Toute personne qui feuillettera les quatre volumes de la Physiognomonie et qui voudra les parcourir (ce qui ne lui laissera pas de regret) pourra juger quel intérêt eut notre entrevue. La plupart des sujets qui figurent dans l’ouvrage étaient déjà dessinés et une partie gravés ; ils furent examinés et jugés, et l’on délibéra sur les moyens ingénieux par lesquels l’insuffisant pourrait être ici rendu instructif et par conséquent suffisant. Si quelquefois encore je parcours l’ouvrage de Lavater, il produit sur moi une impression riante et comique : il me semble voir passer les ombres d’hommes que j’ai bien connus autrefois, qui m’ont fâché en d’autres temps, et qui ne devraient pas m’égayer aujourd’hui.

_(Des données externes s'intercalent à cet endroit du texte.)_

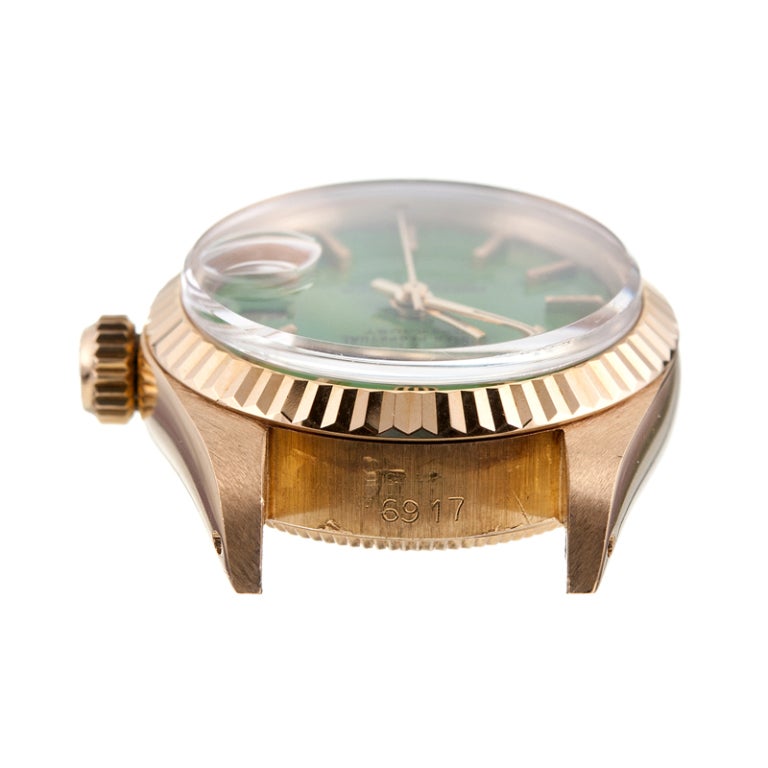 ROLEX Lady's Kelly Green Stella Dial Datejust circa 1970s 1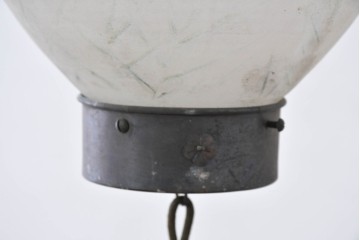 和製アンティーク　珍品　梅の花と星形装飾が可愛らしい提灯型ガラス製ペンダントライト　(R-086940)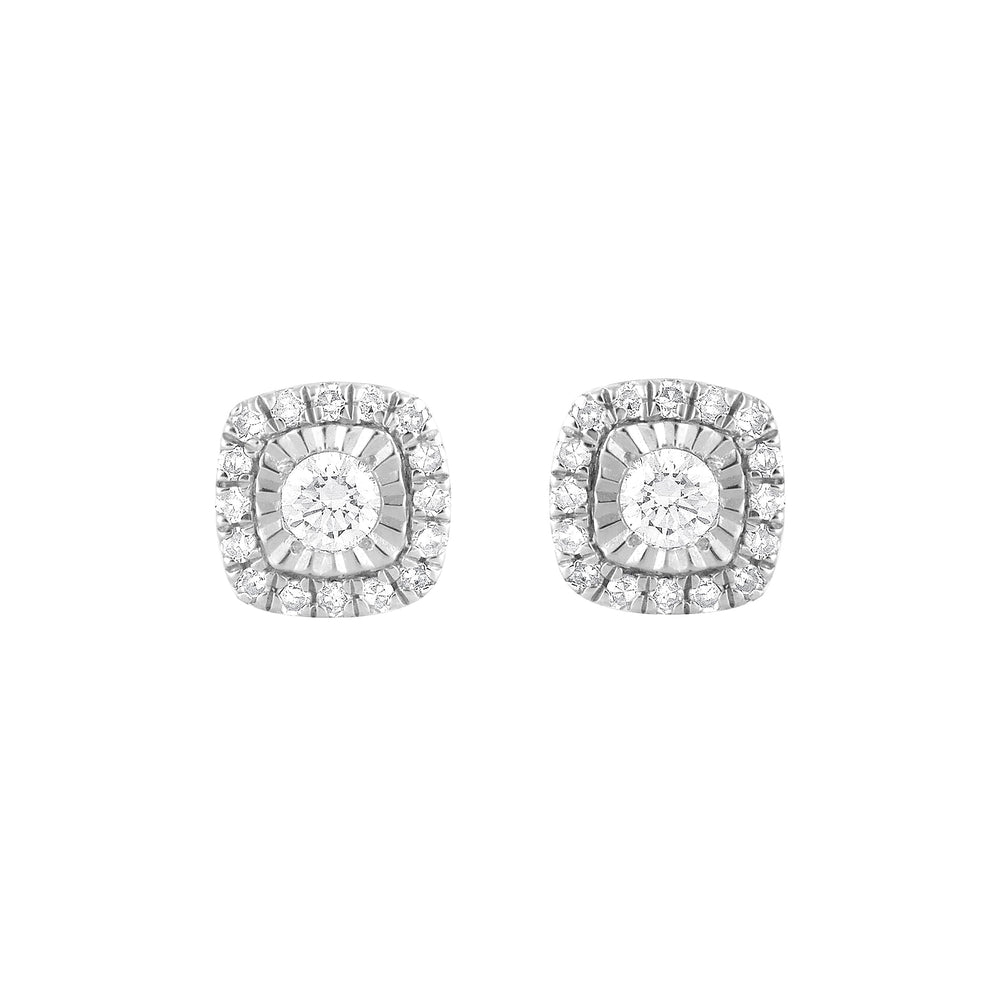 0.20 Carat Halo Lab Grown Diamond Stud Earrings White | Ashley Stewart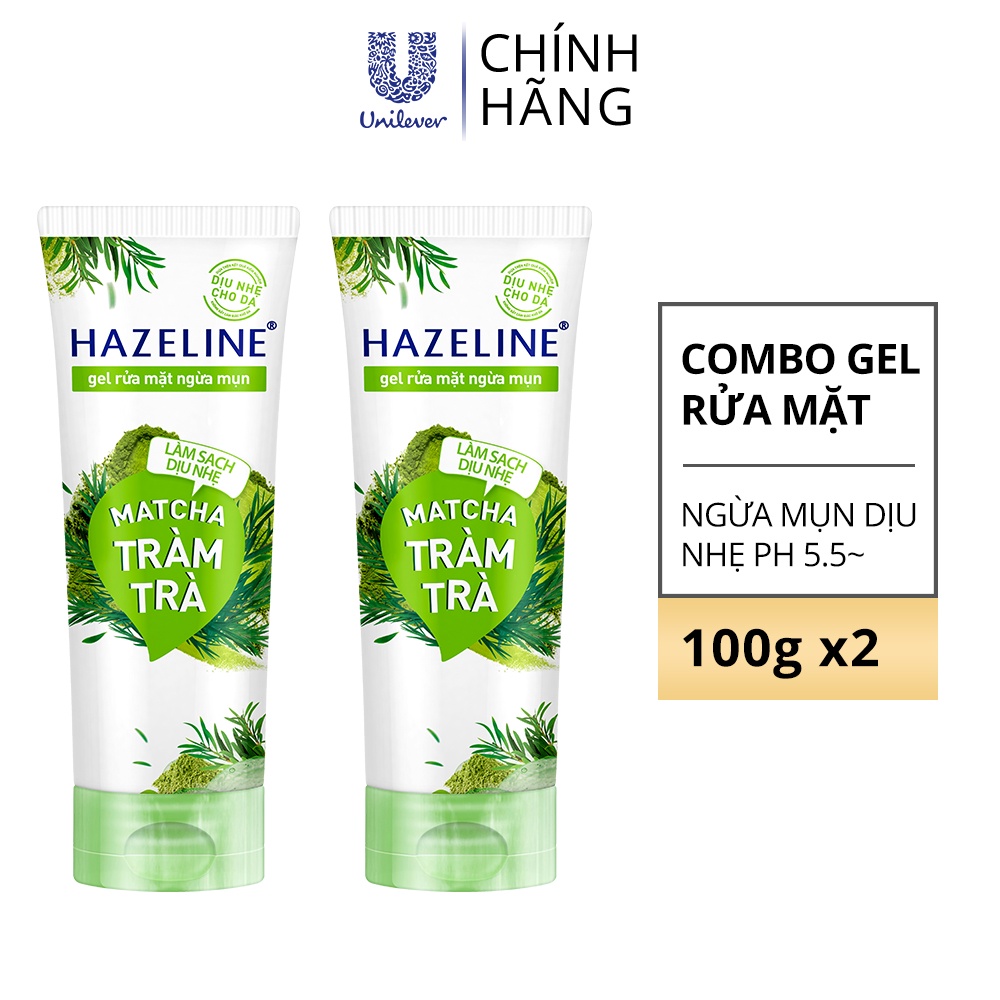 Combo 2 tuýp Gel rửa mặt ngừa mụn Hazeline Matcha Tràm Trà 100g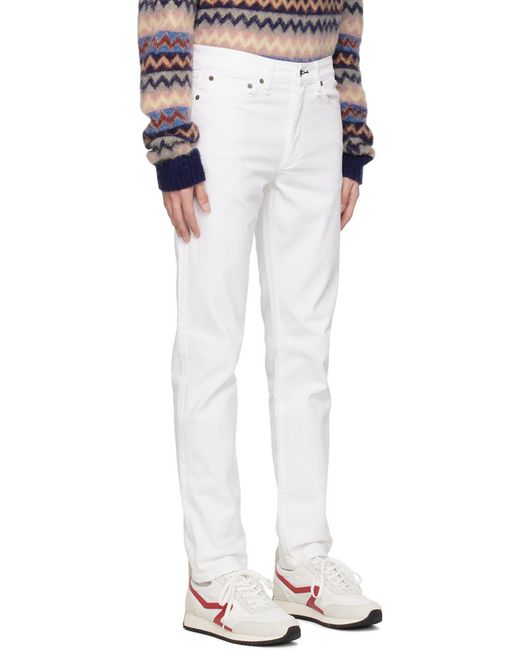 Rag & Bone White Belt-Loop Jeans for men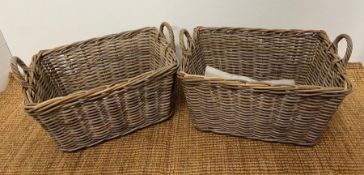 Two wicker baskets 59cm 46cm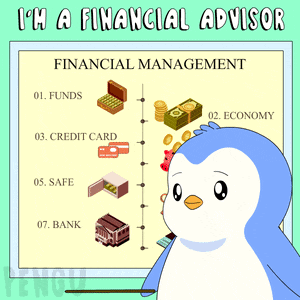 a penguin is pointing at a chart that says " i 'm a financial advisor "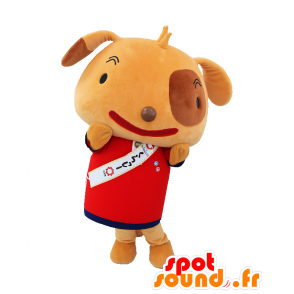 Μασκότ Αριστοκρατικό, δίχρωμο σκυλί ντυμένοι στα κόκκινα - MASFR26837 - Yuru-Χαρά ιαπωνική Μασκότ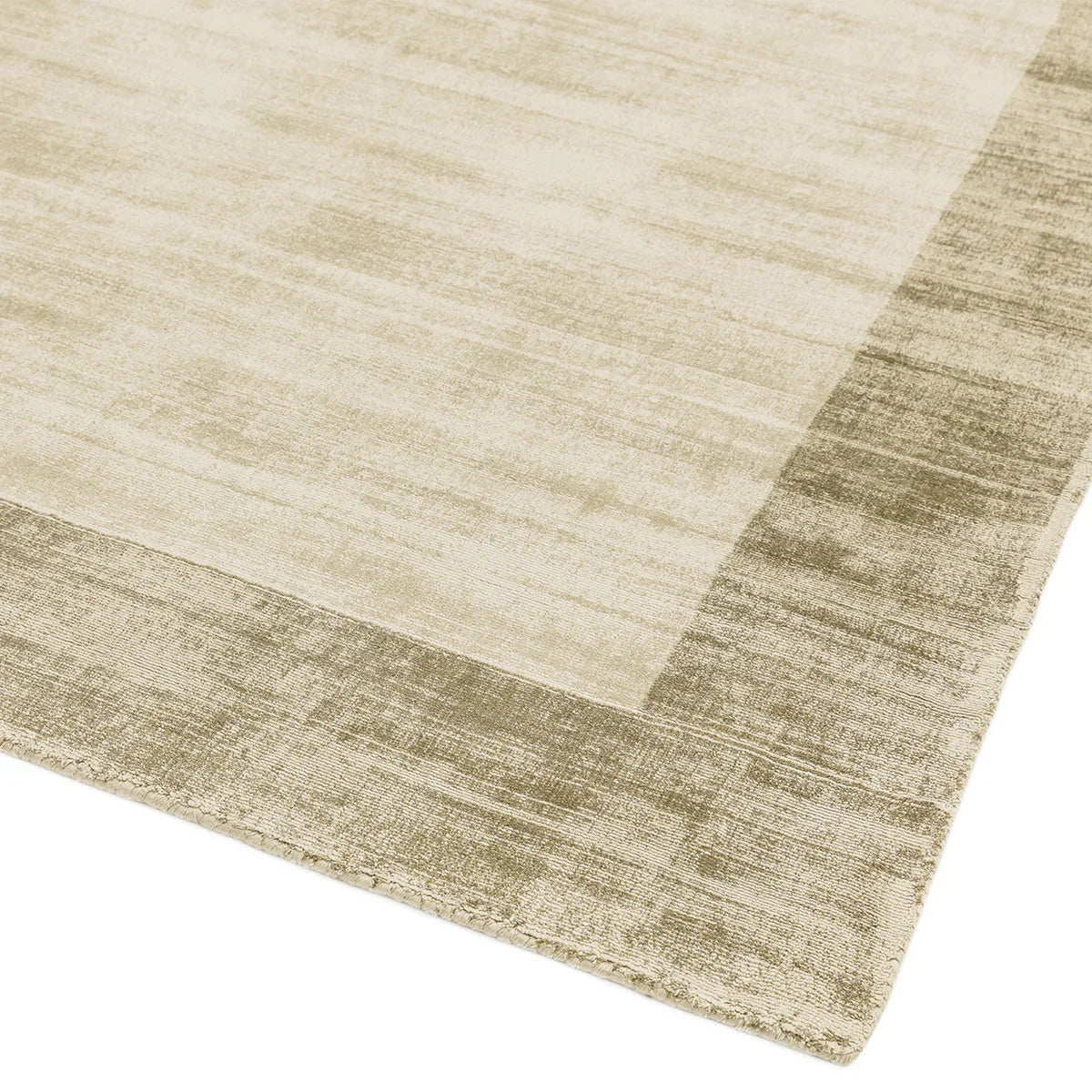 Asiatic Blade Border Smoke Putty Rug featuring blade-border pattern in putty, beige and taupe on white power-loomed wool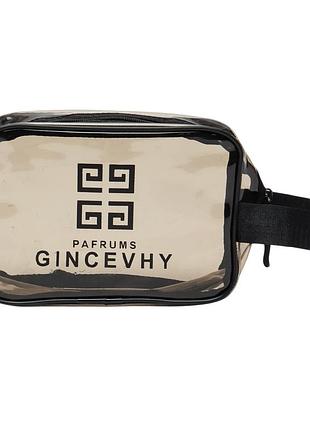 Косметичка дорожная stenson travel r97537-m из пвх 24×14.5×9 см, прозрачная с бежево-черными вставками, компактная и удобная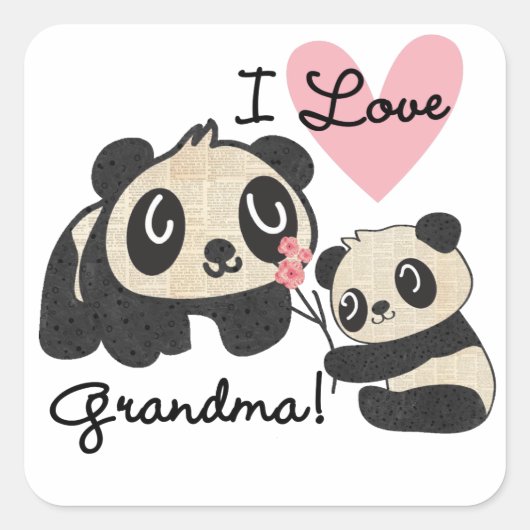 Panda Beren Ik hou van oma Vierkante Sticker (Voorkant)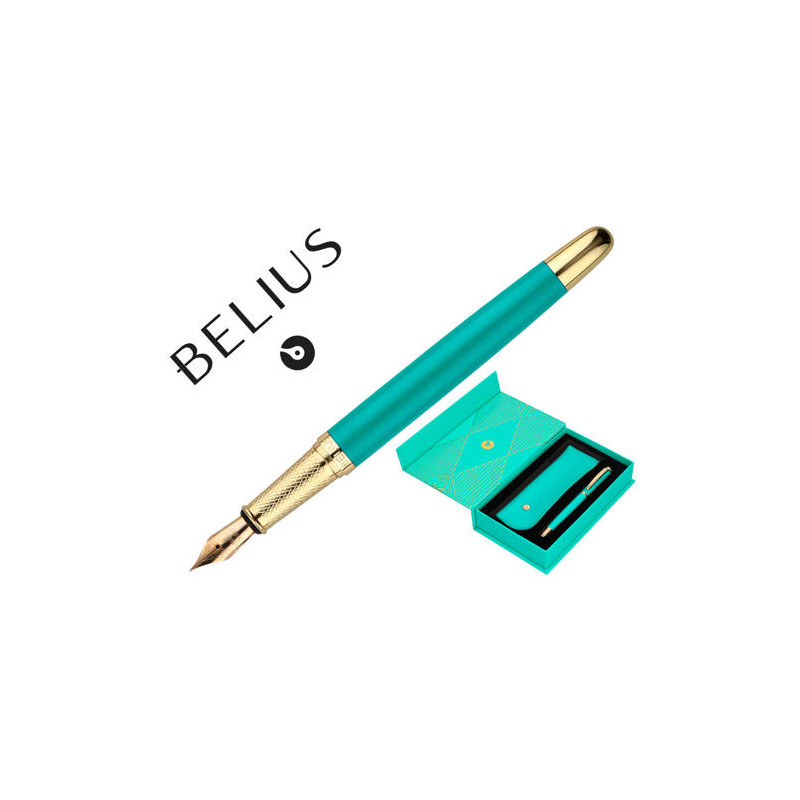 PLUMA Y ESTUCHE BELIUS SOIREE COLOR ART DECO TURQUESA DORADO TINTA AZUL CAJA DE DISEÑO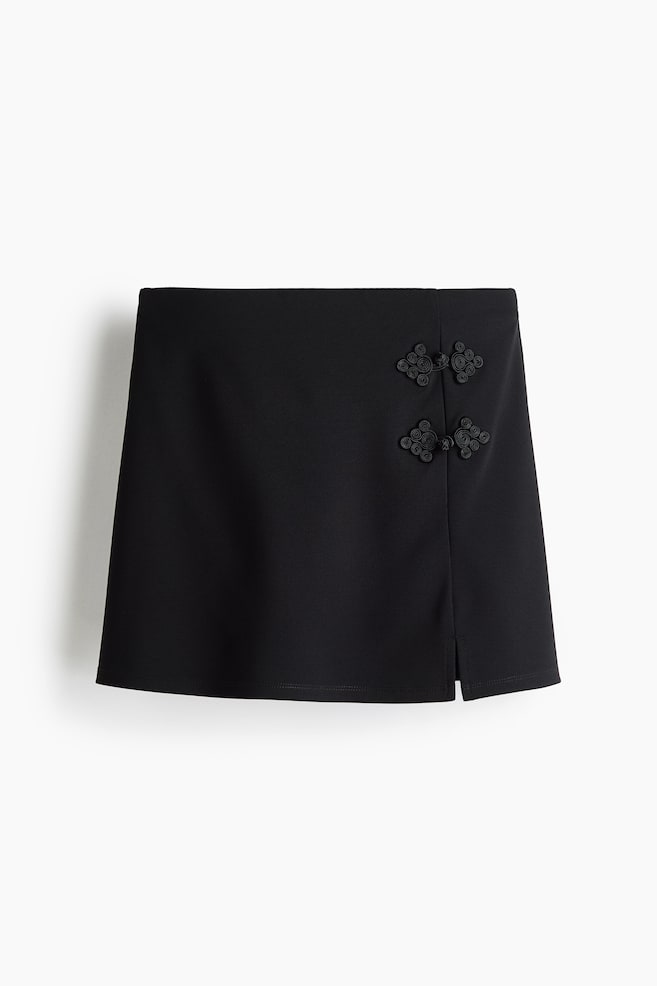 Short Viscose-Blend Skirt - Black - 1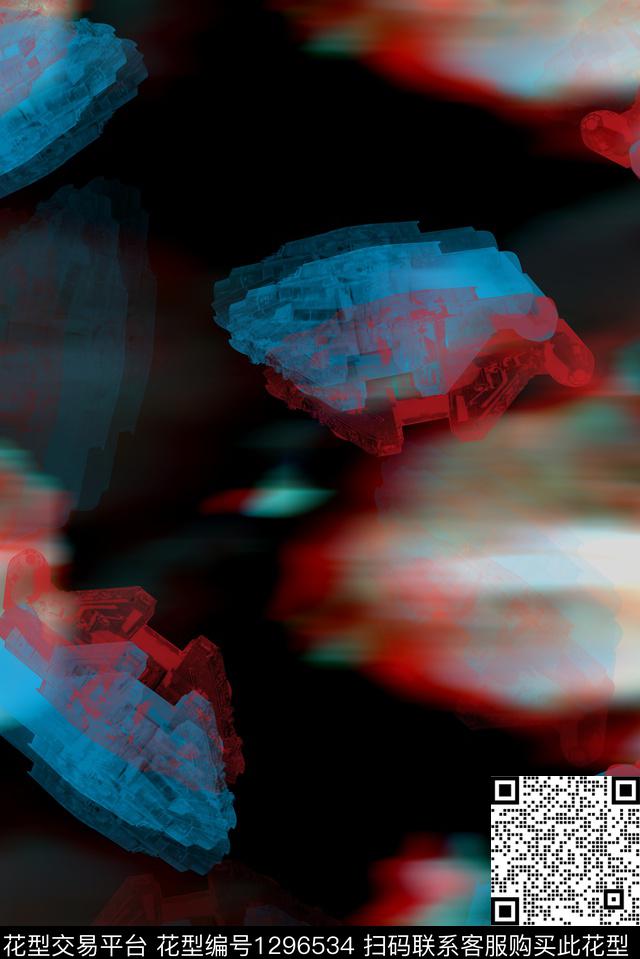 大牌男装数码科技几何炫酷数码印花华亿平台下载（图片编号: 1296534） - 瓦栏（Walan）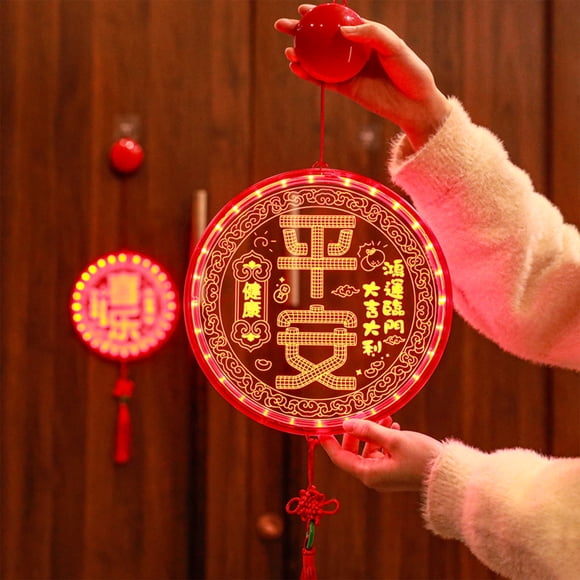 SuoKom Led Nouvel An Lunaire Nœud Chinois Décoration Suspendue avec Lumière Led Ornement de Festival de Printemps Chinois pour Maison Mur Porte Fenêtre Décorations de Festival de Printemps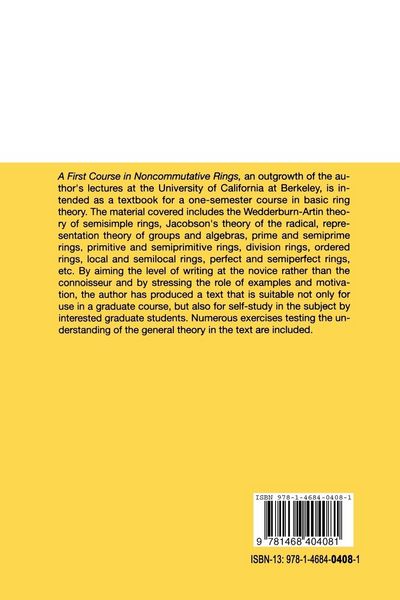 Produktbild: A First Course in Noncommutative Rings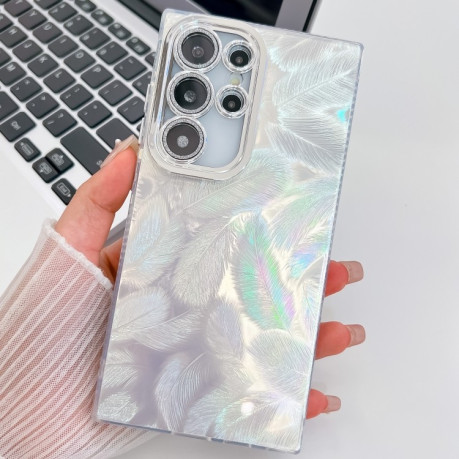 Протиударний чохол Plating Glitter Texture TPU with Lens Film для Samsung Galaxy S25 Ultra 5G - White Feathers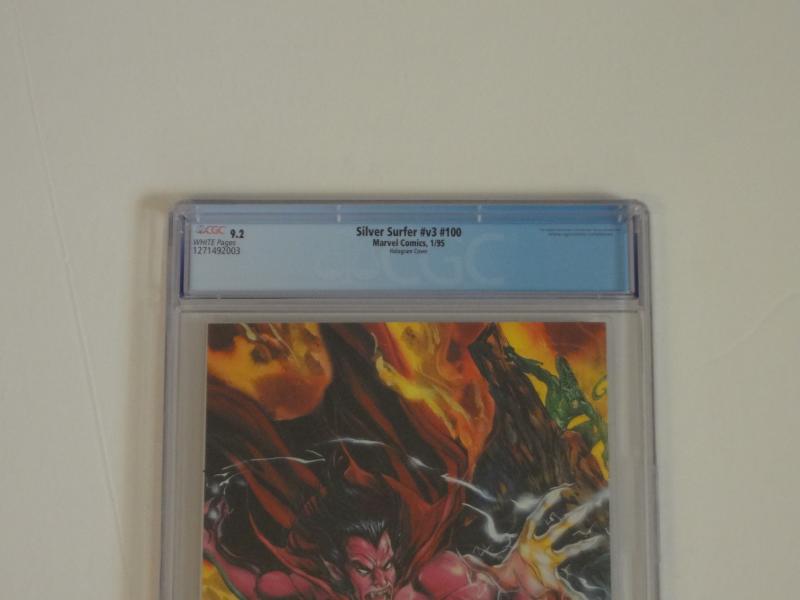 Silver Surfer #100 CGC 9.2; Hologram enhanced, wrap-around cover! Mephisto app.!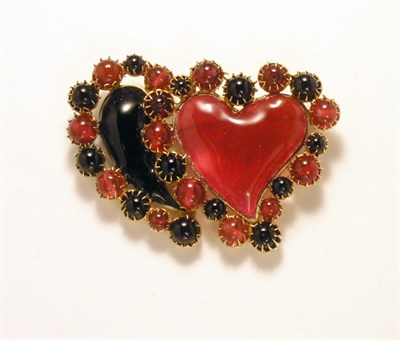 Lot 3240 - Yves Saint Laurent Two Hearts Brooch Gripoix...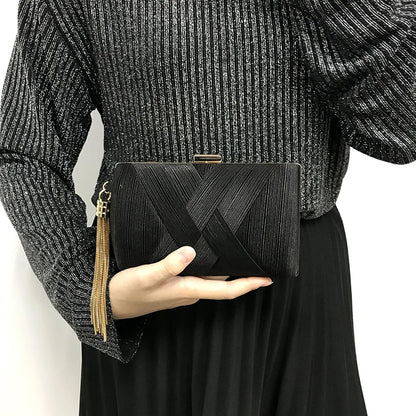Metal Tassel Minaudiere Evening Clutch Bag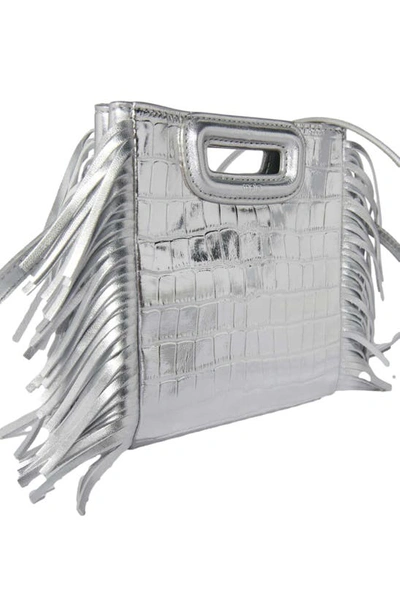 Shop Maje Croc Metallic Leather Mini Shoulder Bag In Silver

Ce qui permit de donner une certaine harmonie à tant de figures mal exécutées, ce fut le beau et sérieux talent du dessinateur et graveur Lips ; la nature lui avait donné en effet la libre et prosaïque expression de la réalité, qui était ici l’essentiel. Il travaillait sous le physiognomoniste, qui avait de singulières exigences, et il lui fallait une attention bien vive pour approcher de ce que désirait son maître. Cet ingénieux villageois sentait tout ce qu’il devait à un digne ecclésiastique, bourgeois de la ville privilégiée, et il travaillait avec le plus grand soin.